Almost 22 days after the Supreme Court directed Kandivli-based Ravi Builders to restore destroyed mangroves at Gorai Creek, the builder is yet to open culverts that will allow seawater to flow into the mangrove patch.
Residents alleged the seawater channels are still blocked.
"We have taken photographs of a virtually dry pond to prove that the bunds are not opened. Under the garb of the court order, the builder is only excavating debris from insignificant and irrelevant spots," said Harish Pandey of the New Link Road Residents' Forum.
"The scarce seawater that's left in the pond will soon dry up if the bunds are not opened," he added.
Even though the developer, Jayesh Shah, has begun removing debris from the affected site, residents fear the delay in opening the culverts will lead to the death of mangroves spread across 430 acres.

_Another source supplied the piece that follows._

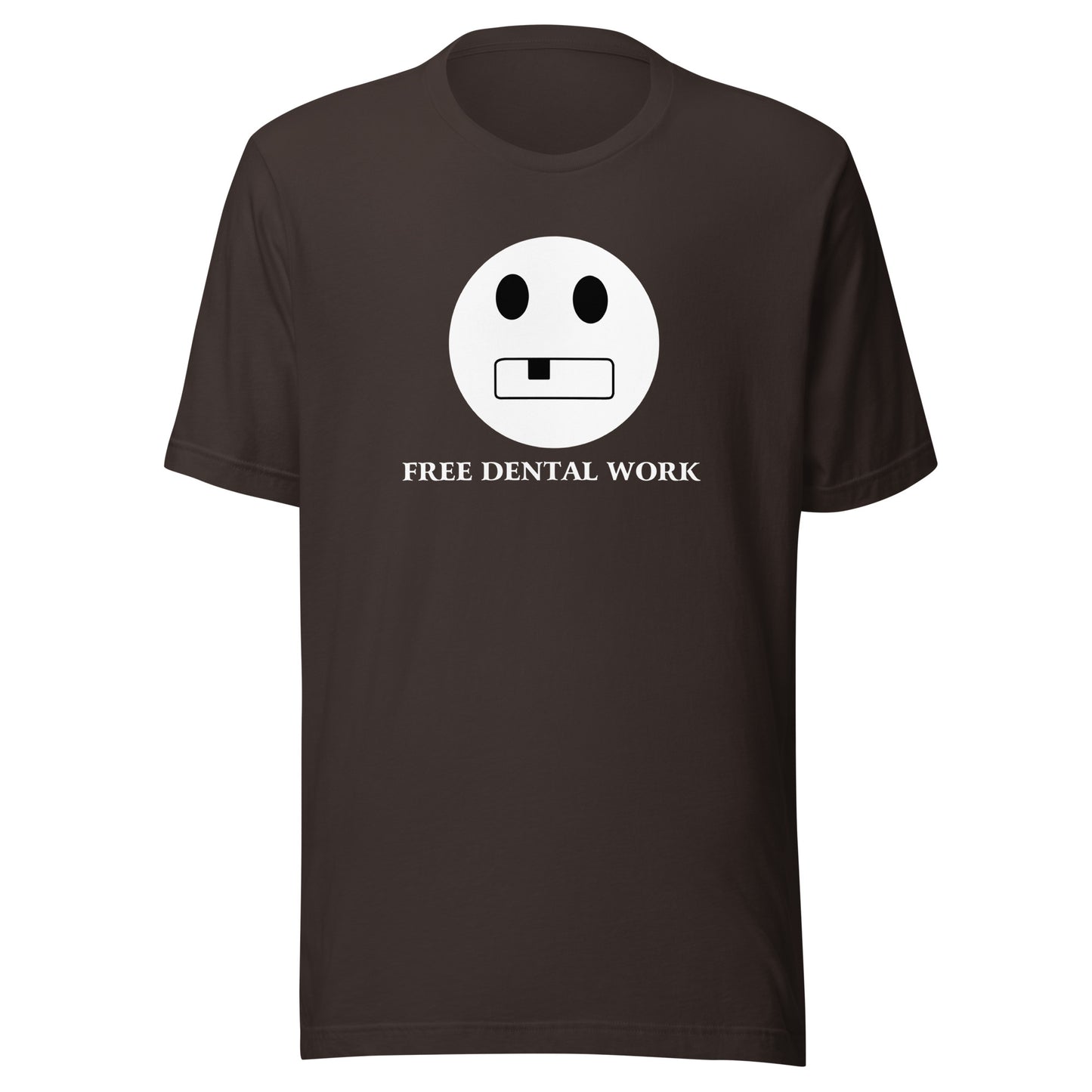 Free Dental Work T-Shirt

While suburban collector, Nirmal Deshmukh, was not available for comment, an official from the department who did not wish to be named said a team will be sent to inspect the implementation of the Supreme Court order.
On January 31, the Supreme Court ordered the builder to restore the mangroves within 60 days. This includes opening all blocked culverts to allow seawater intrusion and removing excess debris.
The sub-divisional officer and tehsildar at Borivli were to monitor the implementation of the Supreme Court order.
If the builder failed to do the job properly, the apex court directed the suburban collector to restore the area and collect revenue from Shah.
"About 30% of the time frame set by the Supreme Court is over. At this rate, it will be an impossible task to restore the original status within the remaining days," said Pandey.
"The government should be inspecting the site at least once every week."